I've read Postman's work before and have not been impressed. Technopoly was a quasi-luddite screed filled with little more than worry to justify his broad conclusions--with a healthy dose of arrogance towards religion thrown in. In a book discussion we had about it back in college, a Chemistry professor said "Your will not find any anthropological evidence of a species--which we would recognize as human--that did not use tools," and thus blasted away the lion's share of what Postman had to say.



Speaking of objectivists, if you want to read a really good graduation speech, check out what Ayn Rand said to the West Point Class of '74. She expressed, with much more thoughtfullness, the ideas which Postman was grasping for.

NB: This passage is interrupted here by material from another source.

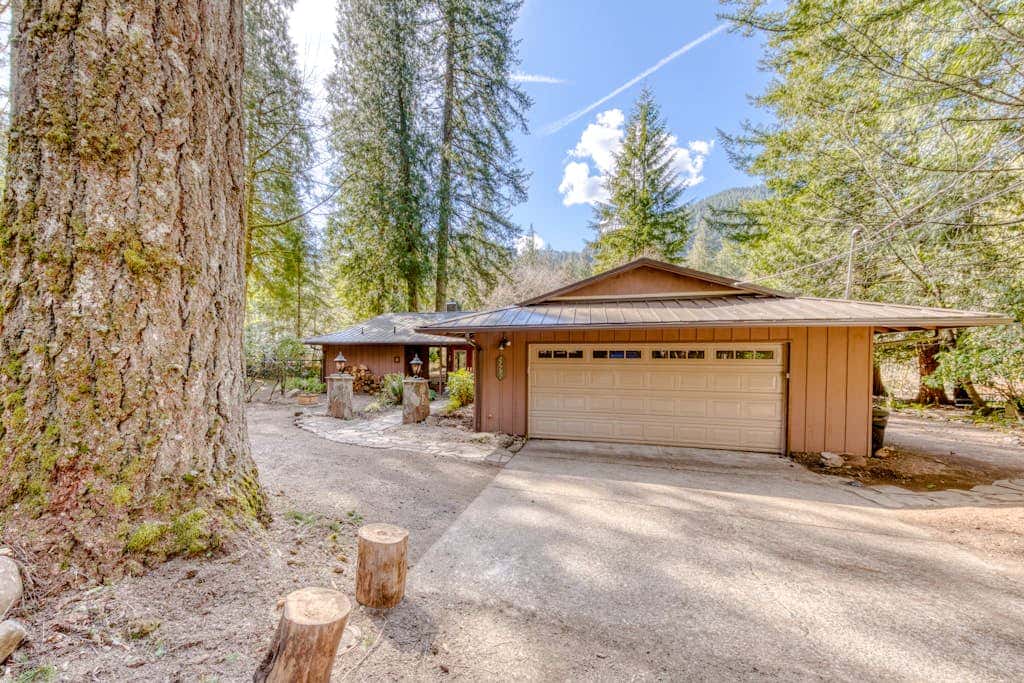 Dog-friendly, riverfront home with a wood-burning fireplace & views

A philosophic system is an integrated view of existence. As a human being, you have no choice about the fact that you need a philosophy. Your only choice is whether you define you philosophy by a conscious, rational, disciplined process of thought and scrupulously logical deliberation--or let your subconscious accumulate a junk heap of unwarranted conclusions, false generalizations, undefined contradictions, undigested slogans, unidentified whishes, doubts and fears, thrown together by chance, but integrated by your subconscious into a kind of mongrel philosophy and fused into a single, solid weight: self-doubt, like a ball and chain in the place where your mind’s wings should have grown.

(Perhaps the silliest scenario for a graduation speech was this
sixty-something icon of anti-authoritarism giving a speech, with a
thick Russian accent, to hundreds of young American cadets.